Climate costs are affected by material demand. For example, manufacturing aluminium generates quite a lot of carbon dioxide per weight of product, while making the same amount of brick generates much less. But the tonnage of bricks produced every year is far higher than that of aluminium, so making bricks contributes more to climate costs overall than making aluminium.
Steel and plastics have the highest overall contribution due to the very large demand for these materials.
In total, 42 per cent came from manufacturing processes, rather than energy use; making cement produces carbon dioxide because of the chemical reactions involved, in addition to any energy consumed.
According to the team, this is important because while climate costs of energy can be reduced by switching to renewable sources, process costs are fixed unless new processes or substitute materials are developed.

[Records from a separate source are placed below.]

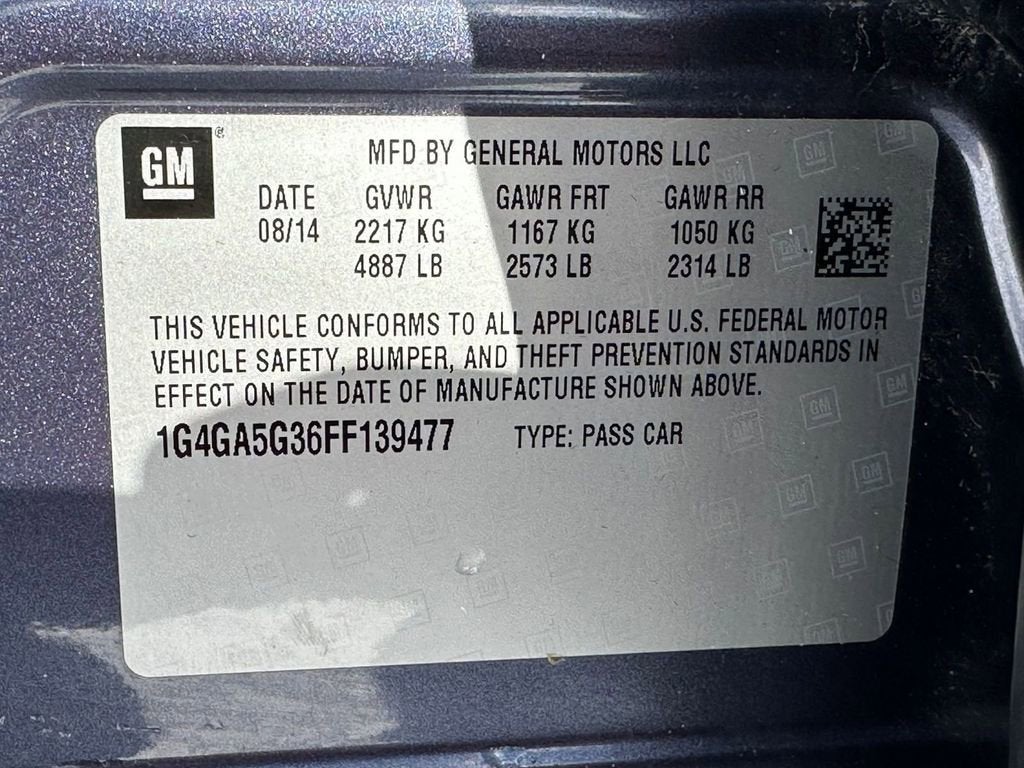 2015 Buick LaCrosse Base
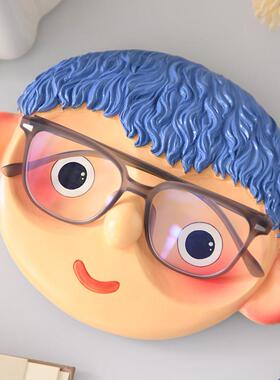 可爱男女孩眼镜架摆件首饰托 托盘收纳盒桌面装饰品创意卡通生日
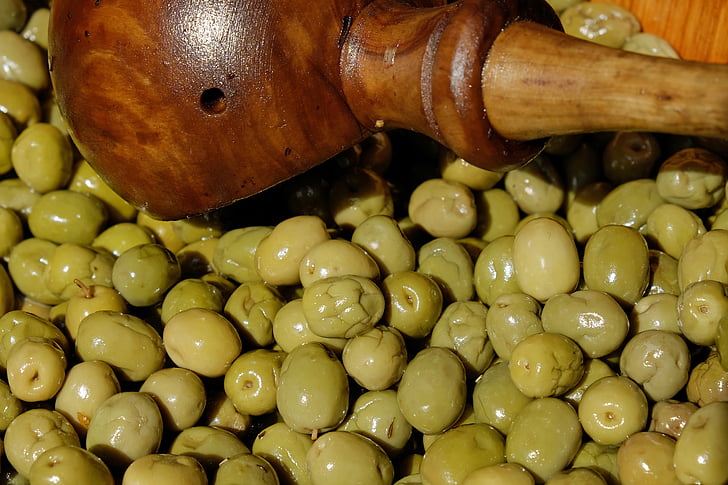olīvas, zaļa, zaļajām olīvām, kauleņi, eļļa, Vidusjūras reģiona, gatavām olīvām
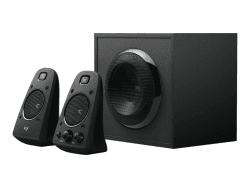 Logitech Z623 Lautsprecher-System mit Subwoofer, Satter Bass, 400 Watt Spitzenleistung, THX-Zertifiziert, 3.5mm & Cinch-Eingänge, Multi-Device, EU Stecker, PC/PS4/Xbox/TV/Smartphone/Tablet - Schwarz
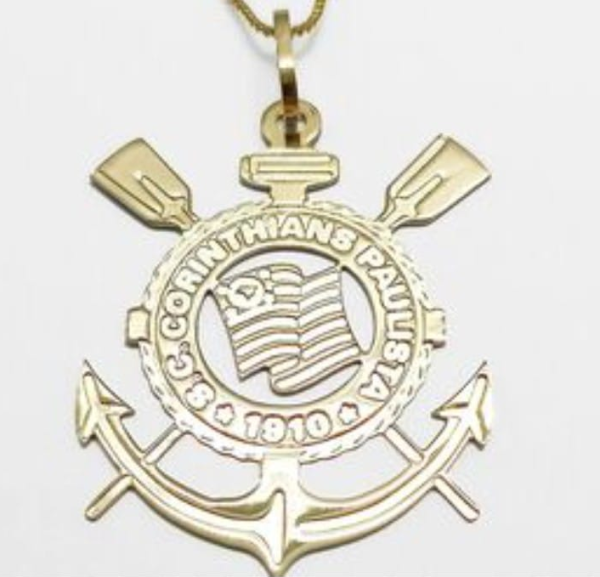 Pingente em Ouro - Simbolo de time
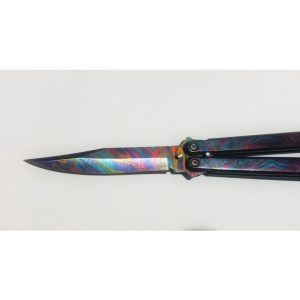 کارد چاقوی پروانه ای رنگی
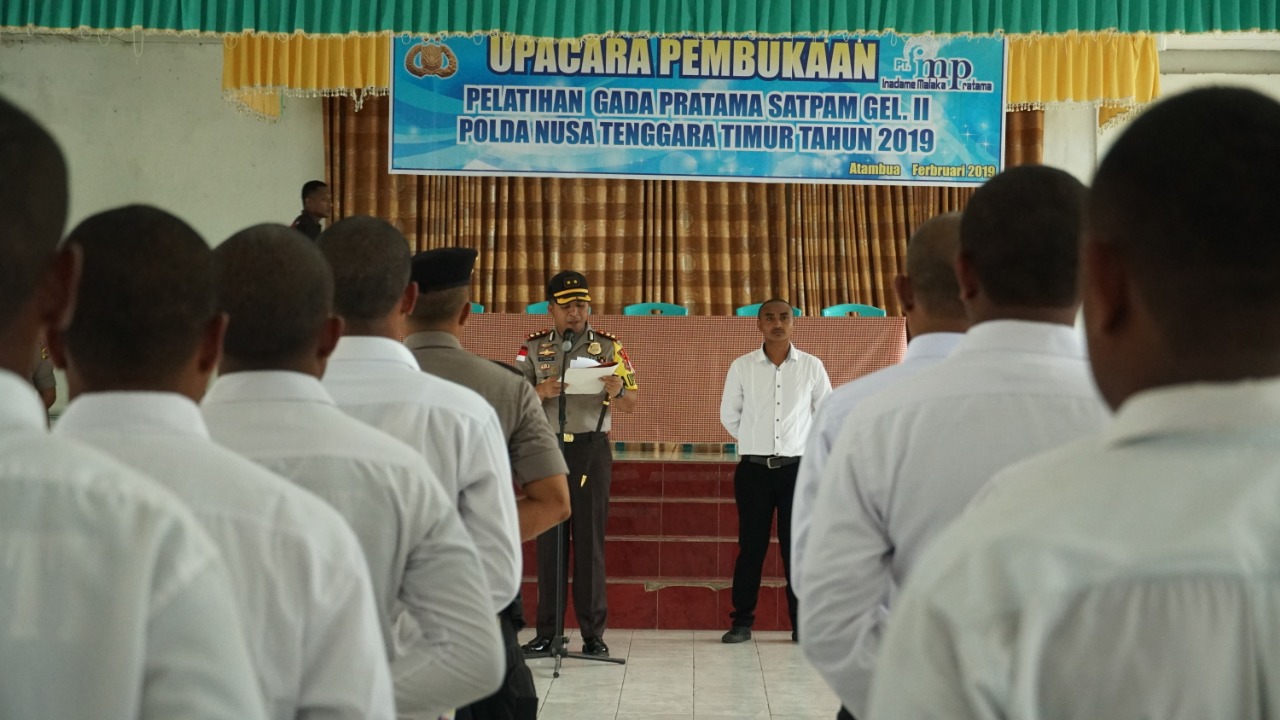 Kapolres Belu Buka Pelatihan Gada Pratama Satpam Gelombang II Tahun 2019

“Alternative materials are a really important research area,” Van Roijen said in a statement. These could include supplements to partly replace cement in concrete and biomass-based plastics.
Incorporating climate costs shows that the real cost of manufacturing these materials is much higher than current market prices. Adopting policies that reflect these costs can create incentives to develop new, climate-friendly processes and materials.
“When considering new technologies, such as biomass-based plastics, if we can account for the benefit of carbon storage in the material, we can make them more cost-effective in the market,” said Van Roijen.
The manufacturing dataset will inform practical and policy work, Kane said. The same methods could also be replicated for other sectors of the economy.